In 1648 the building of wooden chimneys was forbidden, and roofs of reed were replaced with more solid and less inflammable material. The constant threat of fire led to drastic regulations for the cleaning of chimneys. It was ordered that "if anyone prove negligent he shall, whenever the Firewardens find the chimneys foul, forthwith without any contradiction, pay them a fine of three guilders for every flue found on examination to be dirty, to be expended for fire ladders, hooks and buckets, which shall be procured and provided at the earliest and most convenient opportunity."

As prosperity increased, all conditions of living improved. Many ships from Holland brought loads of brick and tiles as ballast, and the houses began to assume the typical Dutch aspect. They were still built chiefly of wood, but with a gable end of brick facing the street. The steep roofs seldom had eave-troughs, at least in the early days, and mention is made in deeds of "free-drip."

The house was supplied, as the chronicler tells us, with "an abundance of large doors and small windows on every floor, the date of its erection was curiously designated by iron figures on the front, and on the top of the roof was perched a fierce little weather-cock to let the family into the important secret which way the wind blew." The front doors were usually divided, as in the old houses in Holland, into an upper and lower half hung on heavy hinges. The door opened with a latch, and bore a brass knocker wrought frequently in the device of an animal's head.

A shrewd observer has said that luxury implies waste while comfort lives in thrift. We are safe in assuming that comfort rather than luxury prevailed in New Netherland and that the highly colored pictures of elegant life on the shores of the Hudson represent a very late phase, when the Dutch influence still prevailed under English protection. The earlier settlers were a far simpler people, whose floors were scrubbed and sanded instead of carpeted, who used hour-glasses instead of clocks, and who set their four-poster beds in the rooms where visitors were formally received.
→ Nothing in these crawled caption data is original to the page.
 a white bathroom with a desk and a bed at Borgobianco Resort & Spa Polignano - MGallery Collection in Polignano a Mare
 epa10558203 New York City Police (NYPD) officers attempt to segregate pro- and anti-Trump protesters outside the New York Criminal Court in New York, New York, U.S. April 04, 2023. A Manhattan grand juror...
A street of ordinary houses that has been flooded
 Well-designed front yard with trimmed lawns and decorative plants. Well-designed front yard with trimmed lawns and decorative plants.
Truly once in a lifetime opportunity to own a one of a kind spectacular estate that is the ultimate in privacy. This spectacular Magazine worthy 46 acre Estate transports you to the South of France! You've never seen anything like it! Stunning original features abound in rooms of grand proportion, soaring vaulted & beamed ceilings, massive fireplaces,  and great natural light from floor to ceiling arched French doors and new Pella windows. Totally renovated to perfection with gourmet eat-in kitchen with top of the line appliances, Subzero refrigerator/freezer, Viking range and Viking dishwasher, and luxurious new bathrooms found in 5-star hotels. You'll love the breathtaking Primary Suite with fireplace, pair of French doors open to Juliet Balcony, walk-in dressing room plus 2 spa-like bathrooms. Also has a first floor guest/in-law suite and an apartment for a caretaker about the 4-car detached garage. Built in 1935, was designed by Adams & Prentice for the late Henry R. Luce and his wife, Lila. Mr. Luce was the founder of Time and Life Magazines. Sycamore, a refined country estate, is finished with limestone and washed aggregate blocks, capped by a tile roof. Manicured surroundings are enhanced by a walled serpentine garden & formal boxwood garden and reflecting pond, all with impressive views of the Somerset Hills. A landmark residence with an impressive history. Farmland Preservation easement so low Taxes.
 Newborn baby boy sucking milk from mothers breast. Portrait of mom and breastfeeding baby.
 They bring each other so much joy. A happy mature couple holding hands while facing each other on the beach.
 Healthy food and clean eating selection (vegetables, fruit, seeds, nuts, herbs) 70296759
To those of us who believe that the state exists for the protection of the home and the home for the protection of the child, it is neither futile nor frivolous to consider at some length what life had to offer to the small colonists. Little Sarah Rapaelje, "the first-born Christian daughter in New Netherland," was soon surrounded by a circle of boys and girls. Cornelis Maasen and his wife came over in 1631, and their first child was born on the voyage. Following this little Hendrick came Martin, Maas, Steyntje, and Tobias. We have already noted the two little motherless daughters of Domine Michaelius who were so hard put to it for a nurse. A little later came Domine Megapolensis with his children Hellegond, Dirrick, Jan, and Samuel, running from eight to fourteen years in age. The patroon had directed that they be furnished with clothing "in such small and compact parcels as can be properly stowed away on the ship."

However rude the sleeping-place of the babies, the old home lullabies soothed them to slumber. Dearest and most familiar was the following:

Trip a trop a tronjes, De varken in de boonjes, De koejes in de klaver, De paaden in de haver, De eenjes in de water plas, De kalver in de lang gras, So goed myn klein poppetje was.

Thus to pictures of pigs in the bean patch and cows in the clover, ducks in the water and calves in the meadow, the little ones fell peacefully to sleep, oblivious of the wild beasts and wilder men lurking in the primeval forests around the little clearing where the pioneers were making a home for themselves and their children.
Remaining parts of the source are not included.